Lack of Accessibility 

Although a benefit of a mobile app is that you can have it in your pocket at all times, this is assuming that all individuals have the means to obtain a smartphone. This is a bigger issue in developing countries where mobile health apps have surged to reach areas of the world that struggle to receive care, however without access to smartphones, some individuals won’t be able to access mobile health apps that may have the potential to improve their quality of life. 

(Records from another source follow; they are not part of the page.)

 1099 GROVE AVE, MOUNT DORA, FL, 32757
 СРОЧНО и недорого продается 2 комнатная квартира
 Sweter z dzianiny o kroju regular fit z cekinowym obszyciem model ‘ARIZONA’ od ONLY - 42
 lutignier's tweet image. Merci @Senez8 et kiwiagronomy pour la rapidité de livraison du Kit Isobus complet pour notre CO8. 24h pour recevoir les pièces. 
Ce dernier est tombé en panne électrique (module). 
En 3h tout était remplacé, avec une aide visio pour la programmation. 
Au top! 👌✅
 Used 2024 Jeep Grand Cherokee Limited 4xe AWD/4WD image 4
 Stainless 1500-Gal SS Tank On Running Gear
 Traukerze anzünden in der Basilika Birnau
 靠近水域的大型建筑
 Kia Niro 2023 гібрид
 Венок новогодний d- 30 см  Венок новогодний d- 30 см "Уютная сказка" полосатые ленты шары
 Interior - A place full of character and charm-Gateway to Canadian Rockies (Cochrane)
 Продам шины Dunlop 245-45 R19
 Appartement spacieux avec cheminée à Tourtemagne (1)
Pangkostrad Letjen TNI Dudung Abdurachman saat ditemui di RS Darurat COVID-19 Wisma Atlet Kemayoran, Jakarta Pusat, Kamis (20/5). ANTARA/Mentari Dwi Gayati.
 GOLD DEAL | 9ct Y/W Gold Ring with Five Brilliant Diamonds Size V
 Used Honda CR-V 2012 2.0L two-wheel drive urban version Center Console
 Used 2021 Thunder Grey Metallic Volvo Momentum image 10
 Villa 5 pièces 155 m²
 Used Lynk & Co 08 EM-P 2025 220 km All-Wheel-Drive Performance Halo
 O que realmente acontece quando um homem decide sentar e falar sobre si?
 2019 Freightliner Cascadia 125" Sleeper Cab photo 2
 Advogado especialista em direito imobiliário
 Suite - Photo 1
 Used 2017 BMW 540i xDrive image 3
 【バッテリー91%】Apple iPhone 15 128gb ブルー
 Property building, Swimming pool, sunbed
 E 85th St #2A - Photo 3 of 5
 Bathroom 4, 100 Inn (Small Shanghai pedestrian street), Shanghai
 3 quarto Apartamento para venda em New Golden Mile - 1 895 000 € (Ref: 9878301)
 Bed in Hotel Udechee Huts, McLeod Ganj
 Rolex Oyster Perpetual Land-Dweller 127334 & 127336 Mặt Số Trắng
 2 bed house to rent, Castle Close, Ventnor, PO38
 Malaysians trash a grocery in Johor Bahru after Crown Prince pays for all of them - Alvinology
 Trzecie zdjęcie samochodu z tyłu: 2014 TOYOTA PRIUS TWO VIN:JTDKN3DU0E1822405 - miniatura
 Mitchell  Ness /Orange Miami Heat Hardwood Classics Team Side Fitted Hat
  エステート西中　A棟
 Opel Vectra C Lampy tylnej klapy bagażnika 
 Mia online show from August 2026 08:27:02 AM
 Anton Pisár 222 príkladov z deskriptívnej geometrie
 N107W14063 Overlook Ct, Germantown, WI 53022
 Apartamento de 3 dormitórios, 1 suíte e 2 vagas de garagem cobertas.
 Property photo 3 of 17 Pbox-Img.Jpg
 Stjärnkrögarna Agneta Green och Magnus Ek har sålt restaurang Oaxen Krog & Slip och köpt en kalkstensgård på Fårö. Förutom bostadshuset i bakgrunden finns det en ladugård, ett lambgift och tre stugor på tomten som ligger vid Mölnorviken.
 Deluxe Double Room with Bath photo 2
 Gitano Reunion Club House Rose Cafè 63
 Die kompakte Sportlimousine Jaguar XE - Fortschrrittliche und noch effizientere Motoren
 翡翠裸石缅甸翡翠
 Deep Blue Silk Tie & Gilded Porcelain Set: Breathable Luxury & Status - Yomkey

Resistance from healthcare professionals and patients

In order for mobile health apps to help both healthcare professionals and patients, they must firstly be accepted by them. Healthcare professionals must feel that utilising a mobile health app will not only benefit them, but benefit their patients. If an app makes delivering care more difficult, or costs more money or time, it is less likely to be accepted by them. Additionally, some healthcare professionals may feel that traditional modes of providing care work and should not be changed. This may be a more common perspective for those who have been working in the healthcare industry for decades. Their resistance may overpower the potential benefits learning how to use a new tool may bring them and their patients.

Patients may feel that using an app to receive care minimises the personal connection they may desire from their healthcare team, as many do not want to be seen as just their condition or symptoms. Communicating through their phone may feel like an impersonal way to deal with a very personal thing – one’s health. Another reason as to why patients may resist using a mobile health app is that they may not be too familiar with technology, especially those who are older and who may not use their phones for anything other than calling and texting. These are only a few of the issues that have come up regarding mobile health apps over the years.

What type of digital devices have been used in the past and are currently used in healthcare?

Computers have played a key role in the healthcare industry for many years, replaced with laptops once they became more prevalent. In more recent years, tablets, pagers, smartphones, and wearable devices have become more common and integrated into healthcare systems. A variety of digital testing devices have also been used in the past and are currently used in healthcare, and many more will be developed in the future. 

How have mobile health apps changed clinician-patient communication?

Clear communication equals better patient care. Providing an additional tool for communication is a great benefit for both the patient and the clinician. The more doctors a patient has, the bigger the chance of miscommunication occuring. Miscommunication can not only cost the patient and their healthcare service money, but it can also cost them their health. 

One example of miscommunication is when patients have an appointment with their doctor and are expected to remember all of the information that they are told. One article published in the Journal of the Royal Society of Medicine stated that “40-80% of medical information provided by healthcare practitioners is forgotten immediately” (Kessels, 2003). This can lead to patients not following through with the advice that they are given – leading to worse health outcomes. By utilising digital modes of communication via a mobile app, messages are stored and can be reviewed by a patient at any time. 

Mobile apps have also helped to reduce the amount of DNAs (do not attend) appointments as patients can be reminded through messaging features on apps that they have an appointment coming up, and can attend, reschedule or cancel if need be. Learn more about DNAs in our recent article

Overall, mobile health apps have significantly changed the way care is delivered and received across the world. With the COVID-19 pandemic, a surge of mobile health apps entered the market, and this momentum will continue to grow in upcoming years, as the healthcare industry becomes increasingly digitised.